Budgeting, Credit Counseling, and Approaching Debt Differently
Often people have a hard time escaping debt because they have bad habits and don’t fully understand how their credit card debt works. If this is the case for you, it might be worth looking to credit counseling if you need additional help. It’s often a great option if you want to be able to get back control of your current financial situation. There are plenty of free resources and services online, as well as in-person.
This is a good option if you think you can handle your debt in the future, but consolidating debt is often the best option if you really need to lower the current interest rates you’re paying. While credit counseling is good, it doesn’t decrease the burden of the cost of your debt.
If you don’t think there is any way you can pay back the debt you owe, even if you are able to obtain a loan, you might want to consider a debt settlement program. Some lenders will enter into debt settlement agreements when they know that you won’t be able to pay the money back. It’s a great way to ensure that you get rid of your debt, even if you can’t pay the full amount.
While there are plenty of lenders that typically won’t accept debt settlements, you can speak with your lender directly about your situation. The downside of this method is that it will impact your credit – if you have a good credit score, this will severely drop your current rating. For this reason, debt settlement should be avoided if you think there is any way that you can pay off your current debt. That being said many people have success fixing their credit on their own or even hiring credit repair companies to do it for them.
Secured Vs. Unsecured Loans
If you’re looking at loans to consolidate debt, you might find that many lenders offer a few different options. For example, you can often choose secured loans and unsecured loans. These are both forms of personal loans, but they vary drastically – the one you choose will depend on the type of loan you’re looking for.
In this section, we’ll give a quick overview of each type – it will give you a better idea of which one you might be interested in.
Unsecured loans are the most popular form of personal loan consolidation. They’re loans that are not secured against any asset. If you have a good credit score, you can obtain an unsecured personal loan to pay down your debts. You won’t have to worry about proving your assets or savings if you want this type of loan.
While many people choose unsecured personal loans, there are also plenty of people who get debt consolidation loans for bad credit. Secured loans are great if you don’t have a good credit score – they allow you to secure the loan against an asset or your savings. It means if you don’t pay the loan back, the bank can use your collateral to get their money back.

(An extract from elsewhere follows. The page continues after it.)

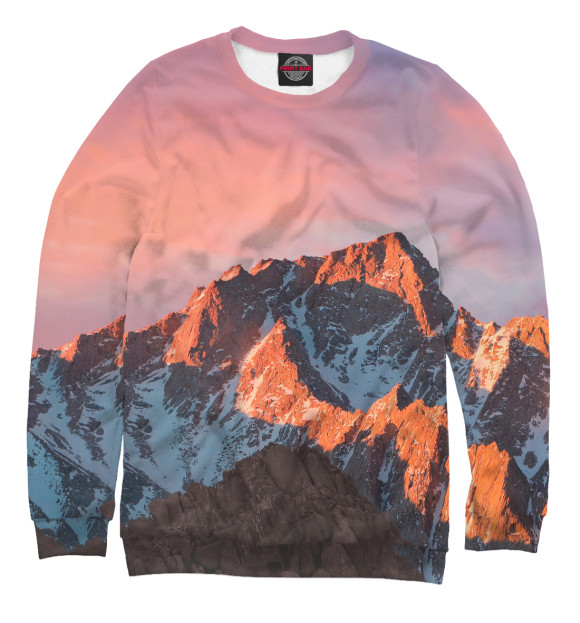 Мужской свитшот с изображением Горы цвета Белый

Secured loans also reduce the interest rates associated with the loan, as there is much less risk for the bank.
A Few Reminders
Before deciding to take out a debt consolidation loan, make sure it makes sense. This type of loan doesn’t save you money if the loan’s interest rate is higher than the one you are paying on your current debt.
Additionally, if you don’t deal with the circumstances that lead you to accrue debt in the first place, then you will not benefit from a consolidation loan. It is important to not add any more debt after you have taken out your consolidation loan, or you will be in a worse position than you were before.
Finally, have a plan to deal with small emergencies before you start paying off your debt. A rainy-day fund can help you avoid using your credit cards when an unexpected expense comes up, making it more likely you’ll get your finances under control.
As you can see, there are a number of advantages to using personal consolidation loans, however, make sure that you are using them as a way to get your financial future back on track. Also – make sure you understand the different terms and conditions so that you can get the right loan for your needs.